Your reply should contain nothing except the lines from the one with "50380 Timber Creek Way, Indio, CA 92201" through the end of the listing below, reproduced exactly and stripped of pictures.

→ **RAW DATA**
=== Section Start ===
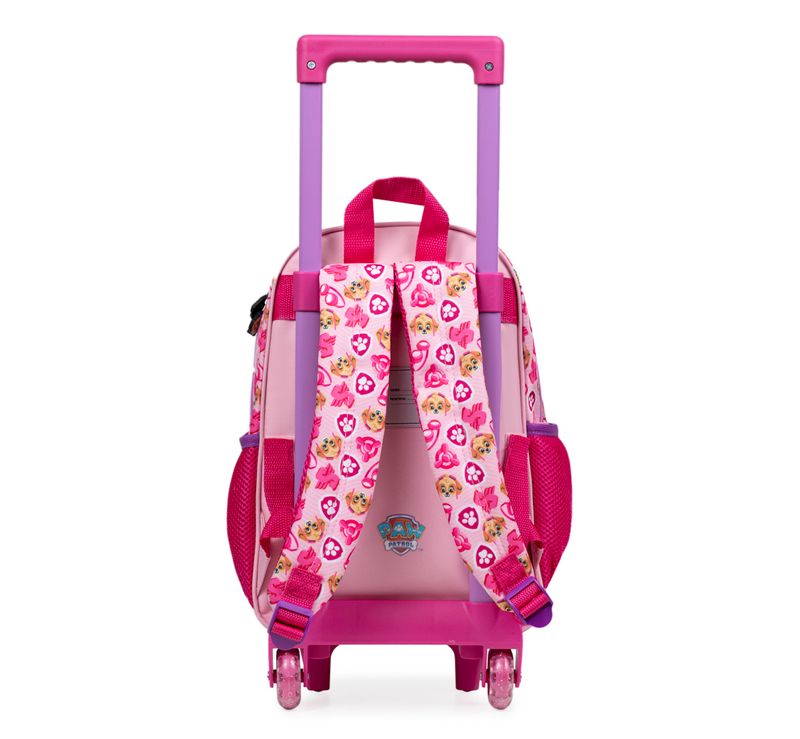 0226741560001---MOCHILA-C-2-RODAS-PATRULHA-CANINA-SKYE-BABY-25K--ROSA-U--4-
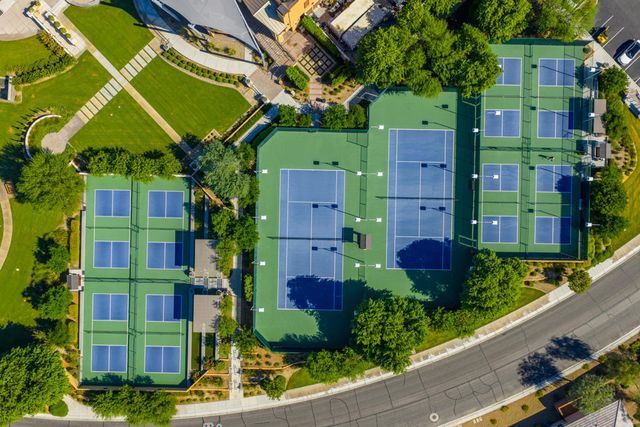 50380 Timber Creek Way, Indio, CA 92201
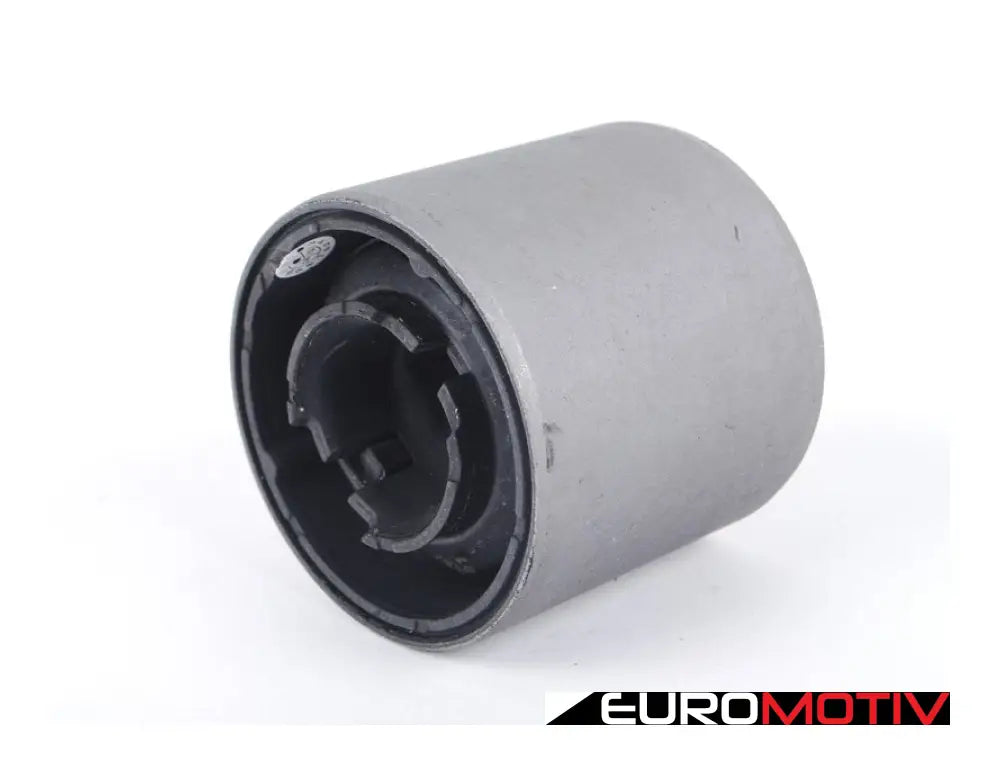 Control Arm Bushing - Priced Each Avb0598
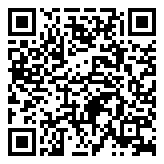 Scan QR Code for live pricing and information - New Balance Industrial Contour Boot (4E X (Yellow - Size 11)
=== Section End ===
→ **RESULT OF THE TASK**
 50380 Timber Creek Way, Indio, CA 92201
 Control Arm Bushing - Priced Each Avb0598
 Scan QR Code for live pricing and information - New Balance Industrial Contour Boot (4E X (Yellow - Size 11)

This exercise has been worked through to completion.